Start of Block

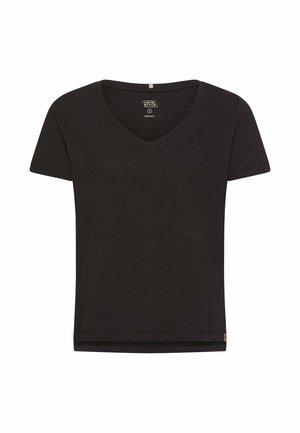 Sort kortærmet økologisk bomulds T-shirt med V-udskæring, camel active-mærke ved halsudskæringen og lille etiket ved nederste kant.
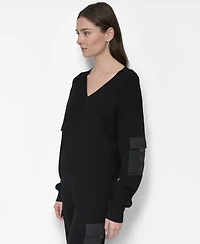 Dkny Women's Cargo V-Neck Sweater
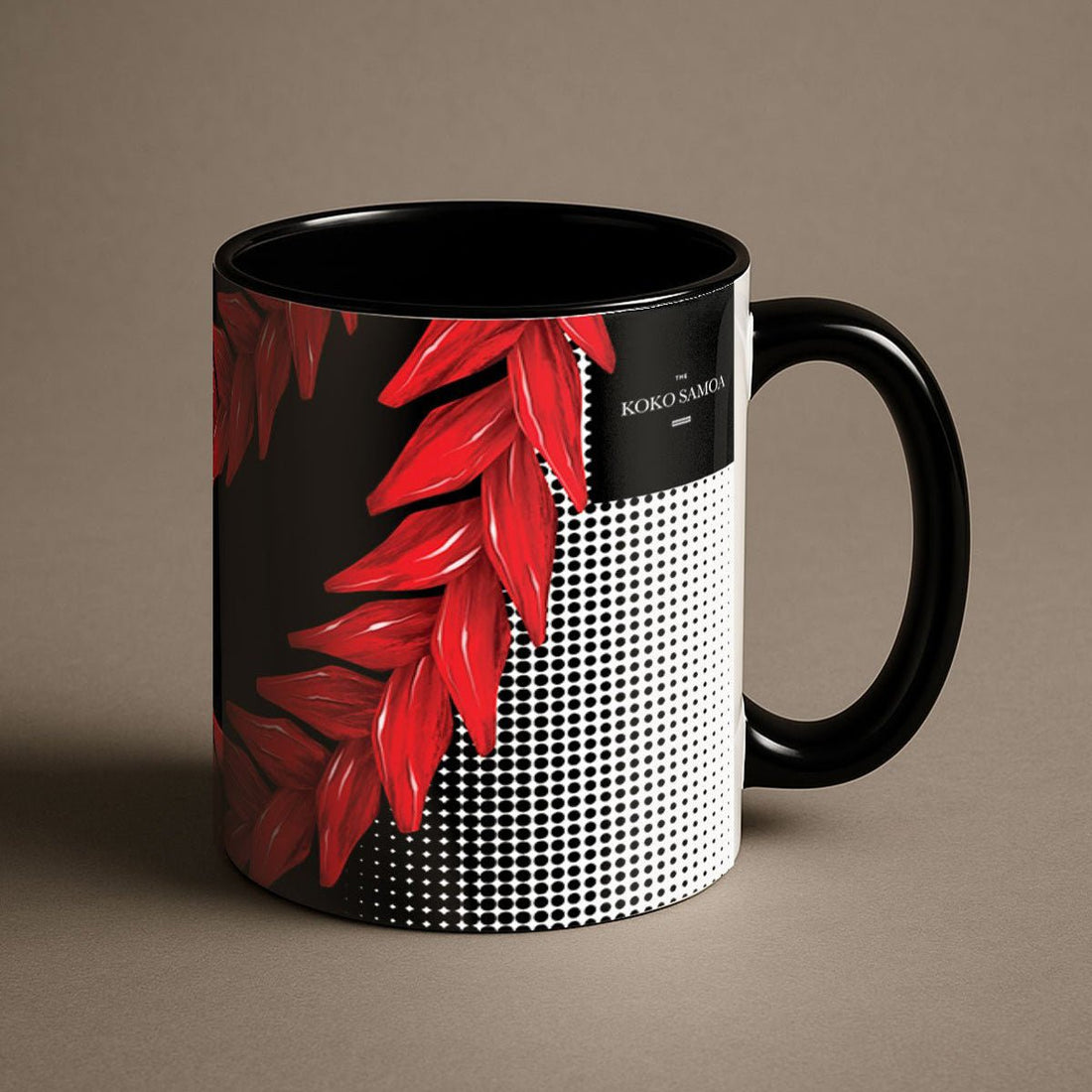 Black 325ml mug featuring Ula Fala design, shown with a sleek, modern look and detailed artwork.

End of Block
Start of Block

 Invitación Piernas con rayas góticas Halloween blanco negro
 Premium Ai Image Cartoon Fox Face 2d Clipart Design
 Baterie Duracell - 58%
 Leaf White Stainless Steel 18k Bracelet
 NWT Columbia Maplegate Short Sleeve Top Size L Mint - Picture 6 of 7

End of Block

Given the listing above, retype only the span of lines from the line with "Dkny Women's Cargo V-Neck Sweater" up to and including the line with "Black 325ml mug", exactly as it stands and without pictures.

- Your solution -
 Dkny Women's Cargo V-Neck Sweater
 Black 325ml mug featuring Ula Fala design, shown with a sleek, modern look and detailed artwork.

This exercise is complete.